Uit deze verklaring volgt dat verbalisant op basis van eigen waarneming verdachte zowel tijdens het politieverhoor als ter terechtzitting in hoger beroep heeft herkend als één van de betrokkenen bij het vangen van de putter. Het hof heeft geen reden om te twijfelen aan de juistheid dan wel de betrouwbaarheid van deze waarnemingen. Deze waarnemingen bevestigen de herkenning van verdachte door de gebiedsbrigadier en de BOA-coördinator op de foto’s tijdens de briefing na de tweede postdag. Uit het onderzoek is het hof niet gebleken dat de foto’s zodanig onduidelijk zijn geweest dat een herkenning van onder meer de verdachte op die foto’s niet mogelijk zou zijn.

Ad. 2 Zonder nadere onderbouwing, valt niet in te zien waarom de als bewijs gebezigde verklaring van de verbalisant waarin hij uiteenzet waarom hij tot de conclusie komt dat de gevangen vogel een putter is (blz 3 van het proces-verbaal van 25 april 2013), als bewijs voor dit onderdeel onvoldoende zou zijn.

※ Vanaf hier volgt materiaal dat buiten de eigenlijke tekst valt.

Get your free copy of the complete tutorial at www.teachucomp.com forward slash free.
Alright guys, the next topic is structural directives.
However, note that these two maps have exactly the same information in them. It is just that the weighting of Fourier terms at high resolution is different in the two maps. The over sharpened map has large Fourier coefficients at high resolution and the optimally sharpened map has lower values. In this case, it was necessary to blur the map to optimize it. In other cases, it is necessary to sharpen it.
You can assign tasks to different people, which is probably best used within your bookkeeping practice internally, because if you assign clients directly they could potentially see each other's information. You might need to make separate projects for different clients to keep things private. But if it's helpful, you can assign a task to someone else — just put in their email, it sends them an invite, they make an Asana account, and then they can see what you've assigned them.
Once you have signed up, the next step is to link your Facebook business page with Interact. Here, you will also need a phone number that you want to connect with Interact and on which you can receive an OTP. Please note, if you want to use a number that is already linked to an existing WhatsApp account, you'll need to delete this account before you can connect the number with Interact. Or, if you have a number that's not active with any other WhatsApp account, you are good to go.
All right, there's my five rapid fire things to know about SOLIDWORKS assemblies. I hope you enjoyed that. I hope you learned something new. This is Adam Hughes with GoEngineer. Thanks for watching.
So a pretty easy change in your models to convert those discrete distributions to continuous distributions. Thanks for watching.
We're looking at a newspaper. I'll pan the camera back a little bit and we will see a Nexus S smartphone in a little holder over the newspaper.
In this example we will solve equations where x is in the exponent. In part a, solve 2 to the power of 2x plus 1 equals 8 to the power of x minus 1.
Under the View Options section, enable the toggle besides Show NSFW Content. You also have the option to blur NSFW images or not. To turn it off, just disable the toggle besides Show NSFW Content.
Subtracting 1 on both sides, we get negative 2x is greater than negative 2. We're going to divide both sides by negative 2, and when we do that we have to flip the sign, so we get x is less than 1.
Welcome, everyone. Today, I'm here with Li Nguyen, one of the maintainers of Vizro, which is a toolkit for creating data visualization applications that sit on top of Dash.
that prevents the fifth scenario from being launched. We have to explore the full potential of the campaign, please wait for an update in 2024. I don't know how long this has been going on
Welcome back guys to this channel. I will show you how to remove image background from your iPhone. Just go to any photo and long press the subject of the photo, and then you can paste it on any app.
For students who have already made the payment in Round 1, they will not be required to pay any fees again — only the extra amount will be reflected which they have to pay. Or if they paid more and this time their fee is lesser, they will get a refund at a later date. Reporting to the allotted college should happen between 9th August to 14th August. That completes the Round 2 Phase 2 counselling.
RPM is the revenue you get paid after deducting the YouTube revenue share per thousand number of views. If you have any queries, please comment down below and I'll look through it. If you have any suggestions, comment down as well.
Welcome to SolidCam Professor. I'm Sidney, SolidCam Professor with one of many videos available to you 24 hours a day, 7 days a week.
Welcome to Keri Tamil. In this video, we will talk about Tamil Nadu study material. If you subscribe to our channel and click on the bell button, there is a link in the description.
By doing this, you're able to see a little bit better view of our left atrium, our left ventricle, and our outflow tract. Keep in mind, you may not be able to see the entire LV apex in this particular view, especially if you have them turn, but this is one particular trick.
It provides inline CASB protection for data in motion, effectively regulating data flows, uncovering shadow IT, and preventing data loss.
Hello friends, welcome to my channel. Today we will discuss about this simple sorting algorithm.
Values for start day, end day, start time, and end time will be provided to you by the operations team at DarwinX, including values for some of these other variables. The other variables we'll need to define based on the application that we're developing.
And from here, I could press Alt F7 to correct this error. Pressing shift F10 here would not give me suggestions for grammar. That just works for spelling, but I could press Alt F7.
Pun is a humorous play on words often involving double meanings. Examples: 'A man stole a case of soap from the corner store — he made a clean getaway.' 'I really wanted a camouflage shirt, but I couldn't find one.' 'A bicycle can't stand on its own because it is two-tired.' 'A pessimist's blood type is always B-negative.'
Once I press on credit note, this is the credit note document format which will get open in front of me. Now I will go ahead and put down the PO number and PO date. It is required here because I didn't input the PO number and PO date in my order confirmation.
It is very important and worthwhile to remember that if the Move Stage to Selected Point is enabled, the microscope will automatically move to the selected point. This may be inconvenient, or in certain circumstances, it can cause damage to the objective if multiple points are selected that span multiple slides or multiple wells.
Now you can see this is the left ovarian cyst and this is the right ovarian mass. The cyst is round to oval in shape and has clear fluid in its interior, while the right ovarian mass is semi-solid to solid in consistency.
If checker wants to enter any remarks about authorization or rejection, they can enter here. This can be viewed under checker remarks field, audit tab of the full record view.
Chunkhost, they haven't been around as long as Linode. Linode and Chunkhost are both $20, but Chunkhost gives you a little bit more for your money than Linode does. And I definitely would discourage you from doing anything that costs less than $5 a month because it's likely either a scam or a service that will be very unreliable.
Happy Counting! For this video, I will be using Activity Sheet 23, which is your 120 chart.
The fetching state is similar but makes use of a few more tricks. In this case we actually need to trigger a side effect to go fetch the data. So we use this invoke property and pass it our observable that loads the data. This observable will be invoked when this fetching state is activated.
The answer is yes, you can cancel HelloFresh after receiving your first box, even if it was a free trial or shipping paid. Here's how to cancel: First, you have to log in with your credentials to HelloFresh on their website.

Het hof ziet geen aanleiding om aan de juistheid van de waarneming van de verbalisant te twijfelen.

Ad 3. De vrijspraak van de broer van verdachte door de economische politierechter te Roermond d.d. 18 september 2014 voor (kennelijk) het onderhavige feit, maakt het oordeel van het hof niet anders.

Het hof verwerpt de verweren.

Het hof veroordeelt de verdachte tot een geldboete van € 1.000.

Het hof heeft bij de straftoemeting enerzijds in het bijzonder rekening gehouden met de omstandigheid dat de verdachte een beschermde inheemse vogel heeft gevangen waardoor deze vogel uit zijn natuurlijke leefomgeving is gehaald.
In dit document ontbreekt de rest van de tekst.